Quatre ans après une subvention de 9.6 millions de dollars sur cinq ans du National Institute on Drug Abuse (NIDA), Kimberly Page affirme qu'une vaste étude sur les traitements de la toxicomanie dans les populations rurales et mal desservies porte ses fruits.

"Nous sommes actuellement engagés dans six essais", déclare Page, professeur au Département de médecine interne de l'Université du Nouveau-Mexique, qui est chercheur principal pour la subvention, qui fait partie du réseau national d'essais cliniques sur le traitement de la toxicomanie du NIDA. "Ils sont tous liés à la prévention et au traitement de la toxicomanie et de la dépendance."

La subvention rassemble des chercheurs des départements de médecine interne, de médecine d'urgence, de médecine familiale et communautaire et de psychiatrie et sciences du comportement de l'UNM, du Collège de pharmacie de l'UNM et des départements du campus central de l'UNM.

 

Kimberly Page, PhD, MPH
Il s'agit d'une énorme collaboration avec plusieurs groupes et à travers le campus. J'en suis vraiment fier. Cela a un impact sur l'université tout autour
- Kimberly, PhD, MPH

« Il s'agit d'une énorme collaboration avec plusieurs groupes et à travers le campus. J'en suis vraiment fier », déclare Page. "Cela a un impact sur l'université tout autour."

L'UNM est le nœud sud-ouest du réseau d'essais cliniques, l'un des 18 nœuds situés à travers les États-Unis. dans leur région et contribuent au pool de données.

Dans un projet impliquant le Center on Alcohol, Substance Use & Addictions (CASAA) de l'UNM, les chercheurs évaluent les médicaments du centre culturel pour traiter les troubles liés à l'utilisation d'opioïdes chez les Indiens d'Amérique, explique Page.

Une autre initiative, qui doit démarrer bientôt, étudiera un modèle intégré au pharmacien pour le traitement médicamenteux des troubles liés à l'utilisation d'opioïdes.

Les évolutions de la réglementation relative à la délivrance de méthadone mise en place en réponse à l'épidémie de COVID font l'objet d'une autre étude. Le changement réglementaire a permis aux patients d'emporter chez eux des doses de méthadone, plutôt que de les obliger à se présenter en personne pour recevoir une dose quotidienne.

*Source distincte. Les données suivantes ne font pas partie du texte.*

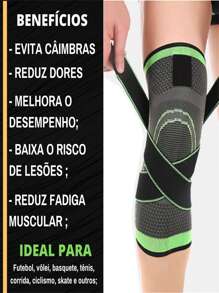 Joelheira Fitness Ajustável Esportiva Compressão Leve CorridaBike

"Cela permet aux gens de continuer à fonctionner et à travailler au quotidien sans avoir à se présenter à une clinique tous les jours", explique Page. L'étude évaluera si cette approche améliore l'adhésion au régime de traitement à la méthadone.

Une autre étude compare le protocole d'induction standard proposé dans les services d'urgence des hôpitaux pour la buprénorphine, un médicament qui traite la dépendance aux opioïdes, avec une formulation de buprénorphine de longue durée.

«Nous essayons de voir si cela a un impact sur leur rétention et leurs soins lorsqu'ils sortent du service des urgences», dit-elle. "Le service d'urgence est une véritable première ligne pour faire face à la consommation d'opioïdes."

Les chercheurs comparent également la posologie sublinguale quotidienne de buprénorphine avec une forme hebdomadaire à libération prolongée pour les femmes enceintes, explique Page.

Les chercheurs cherchent également des moyens d'accroître la participation des populations rurales et diversifiées à la recherche clinique.

«Nous avons une étude explorant les croyances en matière de santé pour accroître la participation communautaire et la diversité dans les essais cliniques», déclare Page. Une équipe de l'UNM s'associe à une équipe de l'Université de l'État du Nouveau-Mexique pour créer une boîte à outils pour informer les prestataires et les patients potentiels de la participation aux essais cliniques.

En plus de mener des essais cliniques, Page et ses collègues ont également proposé des séminaires et des ateliers pour le corps professoral et la communauté dans son ensemble. « Ceux-ci ont été extrêmement bien suivis », dit-elle.

« Nous sommes très heureux », dit-elle. "Nous faisons une tonne de travail."